Leg #3: The final “leg”, is that God calls us to be stewards of his resources.  This is the leg that enables the stewardship stool to stand. It repositions us as stewards of God’s resources being charged by Him to carry out His wishes for His property that He has entrusted us to manage.

So, steward accurately defined is, “to plan, to manage, to administer;” and stewardship is, “the act of being a manager or a caretaker.” So, we see that this third leg of stewardship actually promotes us from playing little gods over some tiny empire of our own making to an exalted and honored position of a trusted and responsible steward of the King. Your promotion entrust to you the honored task of managing a small, but strategic portion of the Owner’s vast material holdings. For many believers this idea is an absolutely revolutionary concept.

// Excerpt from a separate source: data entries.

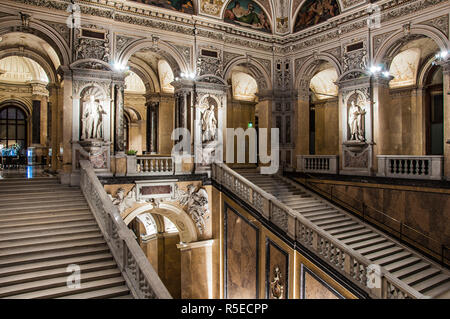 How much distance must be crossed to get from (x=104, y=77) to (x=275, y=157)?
846cm

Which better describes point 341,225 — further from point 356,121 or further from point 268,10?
point 268,10

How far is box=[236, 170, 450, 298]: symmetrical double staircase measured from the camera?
31.2ft

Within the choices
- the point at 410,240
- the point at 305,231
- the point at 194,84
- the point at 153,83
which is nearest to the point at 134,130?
the point at 153,83

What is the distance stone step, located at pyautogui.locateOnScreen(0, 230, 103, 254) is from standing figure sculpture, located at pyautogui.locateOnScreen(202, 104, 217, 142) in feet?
22.9

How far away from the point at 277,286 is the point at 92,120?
8.70m

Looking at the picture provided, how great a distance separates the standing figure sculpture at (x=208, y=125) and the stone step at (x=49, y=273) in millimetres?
7765

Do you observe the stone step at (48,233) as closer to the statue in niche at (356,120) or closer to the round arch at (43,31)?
the round arch at (43,31)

One Sunday an older gentleman who had just completed the entire life stewardship study, came up to his teacher, shook his hand and told him, “The one thing in this entire study that has had the single greatest impact on me was the idea that God owns everything, including me.” He went on to say, “I have been in the church all my life, but somehow this truth had escaped me entirely.”  He confessed, “I thought I was the one getting up each day and going to work and I was the one making the money. It was mine. But when I came to understand that God owns me and everything I have, it has changed everything in my life!”

We hear this kind of comment routinely from believers when they are finally get the full, biblical, stewardship message. The truth be known, it wasn’t that this gentleman had missed all the stewardship teaching in his church, it was his church had never preached or taught on it before. This radical, biblical concept of stewardship is easy enough to understand intellectually, if and when we finally do hear it. But as we are going to see, it is exceedingly difficult, if not impossible, to consistently apply and practically live out in every area of our lives without divine assistance.

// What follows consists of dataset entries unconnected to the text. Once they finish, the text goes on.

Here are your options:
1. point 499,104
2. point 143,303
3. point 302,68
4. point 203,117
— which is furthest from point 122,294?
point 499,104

  • It is no longer “How do I want to spend my day?” It is now, “God, how do you want me to spend Your day?”
  • It is no longer, “How do I want to spend my money?” It is now, “God, how do you want me to spend Your money?”
  • It is no longer, “How much of my money do I want to give to the Lord?” It is now, “God, how much of Your money should I be keeping for myself?”
  • It is no longer, “How do I want to care for and feed my body?” It is now, “God, how do You want me to care for and feed Your body?”
  • It is no longer, “How do I want to raise my children?” It is now, “God, how do You want me to raise Your children?”
  • It is no longer, “What kind of house and car do I want to have?” It is now, “God, what kind of house and car do You want me to have?”

Do you see how this idea of stewardship impacts every single area of our lives? This is why we call it life stewardship and why it is going to take some time to get our heads and hands around it – but when we do, God is going to radically transform literally every single area of our lives for the better! Are you ready to begin this exciting life-changing journey?


Audio: What Is My Relationship to My Stuff?

Stewardship Minute

Here’s a one minute promotional video of this lesson followed by the text.

Psalm 24:1

Psalm 24:1 tells us, “The earth is the Lord’s and all it contains, the world and all who live in it.” This short verse presents us with a profound fact that seldom impacts our everyday lives. All we are and all we possess does not belong to us, it belongs to the Lord. If you were to make up a personal balance sheet of all you own, the page should be blank. We are merely caretakers of someone else’s property and our task as caretakers is to manage that property according to the wishes of the Owner. When was the last time you talked to the Owner about what you were doing with His stuff? As a good and faithful steward, we want to use all that He has entrusted to us wisely and carefully for His purpose and for His glory. Think about it.